Like every one of the nine American Samoans to play football at WSU since Mike Leach became head coach in 2012, Mauigoa was recruited by Joe Salave’a. The bonds between Mauigoa and Salave’a were particularly strong, since Salave’a’s brother was his football coach at Tafuna.

“It was all Joe,” McGuire said. “Joe had the relationship, Joe did a wonderful job recruiting him. I’m very appreciative he got him.”

Halfway through Mauigoa’s first year in Pullman, however, Salave’a took a new job coaching defensive linemen at Oregon. Though Maiugoa’s friends say his demeanor did not change when Salave’a left, the young transplant suddenly had one fewer companion in his new setting.

“It was a sad part,” Mauigoa said. “It was a sad day. But when he left, I didn’t really think much about it. I just though he left and there’s nothing we can do about it. I just accepted that he wasn’t coming back and didn’t take it as a big problem.”

Making it work

Mauigoa had worked too hard to get to Pullman to let one setback slow his progress. Besides football, Mauigoa excelled in the classroom at Tafuna and was named class valedictorian.

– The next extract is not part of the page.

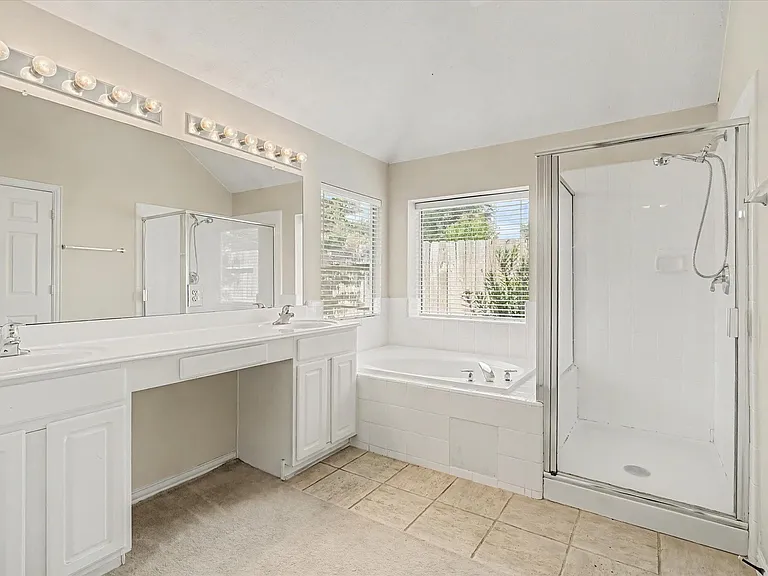 16011 Belleshire Glen Ln — Photo 14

His mother was a school counselor and the two would often stay long hours after school was over so Mauigoa could use the computer in her office to write class papers.

Of course, those papers weren’t quite college essays.

“If they give us papers to write, it will be five paragraphs,” Mauigoa said.

His first day in Pullman, his summer school instructor assigned him a three-page essay. By the end of the summer he was helping out around town, excelling on the football field, bringing new friends to his church, and his papers were pushing eight pages.

“He’s as good a kid as you’ll ever meet in your life,” McGuire said. “He’s just a good kid. He’s not just a football player; he’s a well-rounded kid that can also be involved in the community. Whatever he does in life, he’s going to be a successful person.”